## Your assignment
Write out again, word for word, the lines below from the line that holds "The first thing" through the line that holds "Hello everyone and", omitting pictures.

Information shown section start

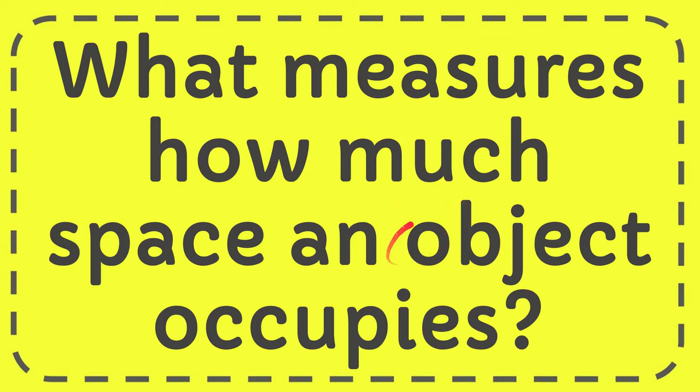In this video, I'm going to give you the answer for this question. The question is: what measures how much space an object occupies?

Information shown section end
Information shown section start

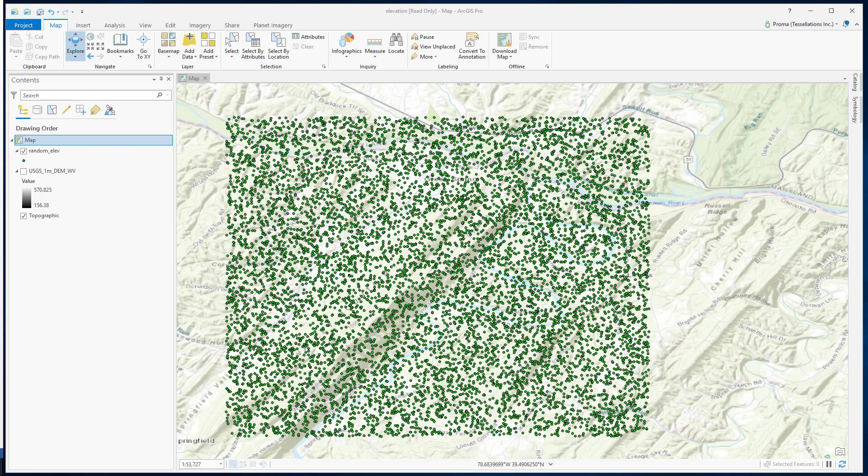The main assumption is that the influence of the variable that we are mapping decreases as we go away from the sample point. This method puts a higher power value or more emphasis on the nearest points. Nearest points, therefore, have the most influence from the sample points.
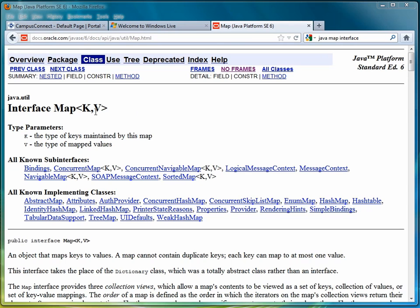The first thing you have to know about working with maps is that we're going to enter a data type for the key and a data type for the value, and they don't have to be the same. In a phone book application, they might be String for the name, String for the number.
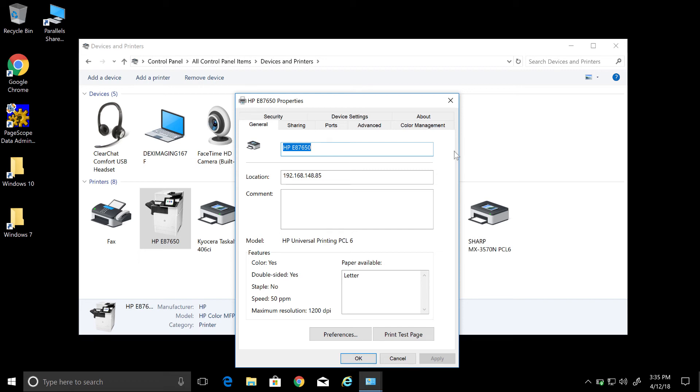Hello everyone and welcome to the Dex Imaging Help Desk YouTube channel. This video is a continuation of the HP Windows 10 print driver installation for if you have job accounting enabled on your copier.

Information shown section end

## Result for this task
The first thing you have to know about working with maps is that we're going to enter a data type for the key and a data type for the value, and they don't have to be the same. In a phone book application, they might be String for the name, String for the number.
Hello everyone and welcome to the Dex Imaging Help Desk YouTube channel. This video is a continuation of the HP Windows 10 print driver installation for if you have job accounting enabled on your copier.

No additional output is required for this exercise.